* WHAT NEEDS TO BE DONE *
The entries below are to be restated exactly, and their images are to be omitted.

* Saved data entries *
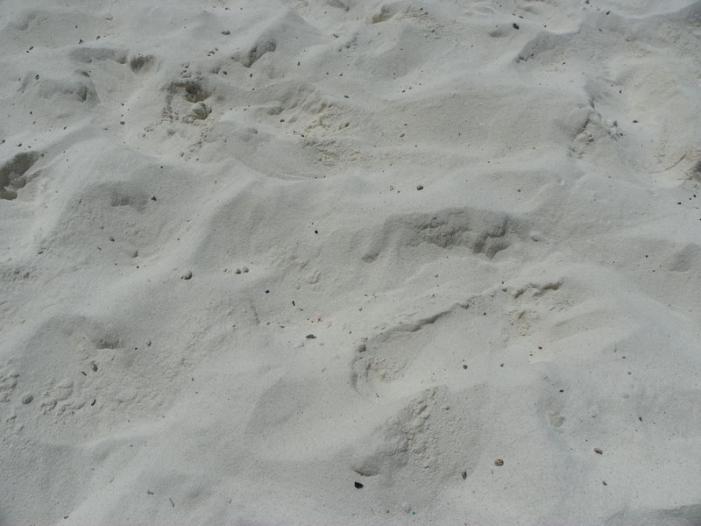 100_0867_resize.JPG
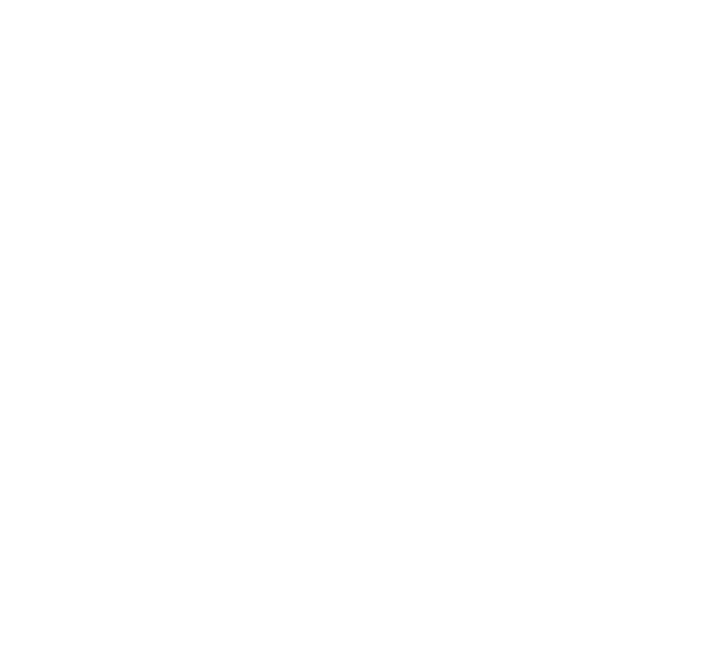 Responsive Website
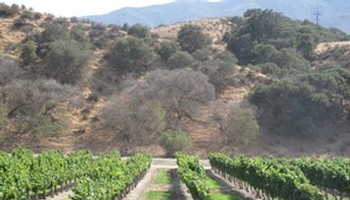 Wrath Vineyard Rows of Grapes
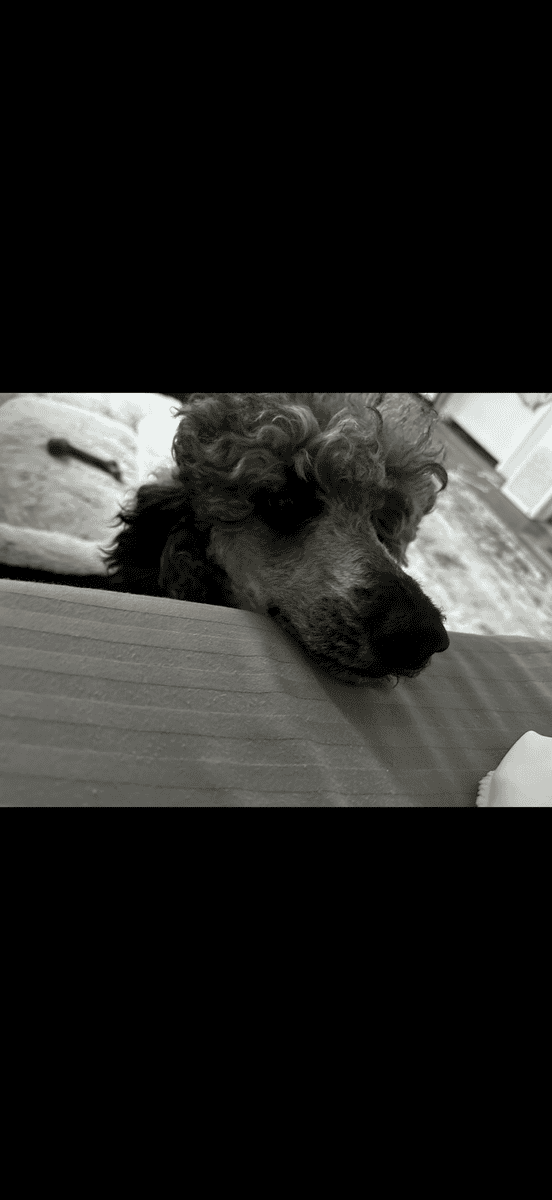Female Poodle image 6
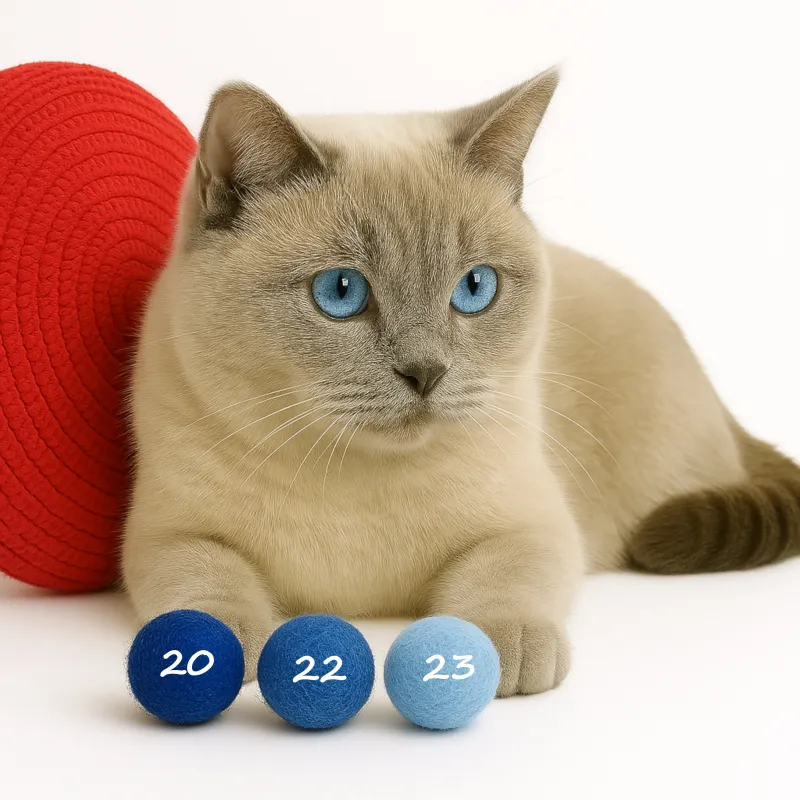 Balles de jouets pour chats, 4cm Balles de feutre chat avec odeur Balles de jouets pour chats, 4cm Balles de feutre chat avec odeur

* REPLY *
 100_0867_resize.JPG
 Responsive Website
 Wrath Vineyard Rows of Grapes
Female Poodle image 6
 Balles de jouets pour chats, 4cm Balles de feutre chat avec odeur Balles de jouets pour chats, 4cm Balles de feutre chat avec odeur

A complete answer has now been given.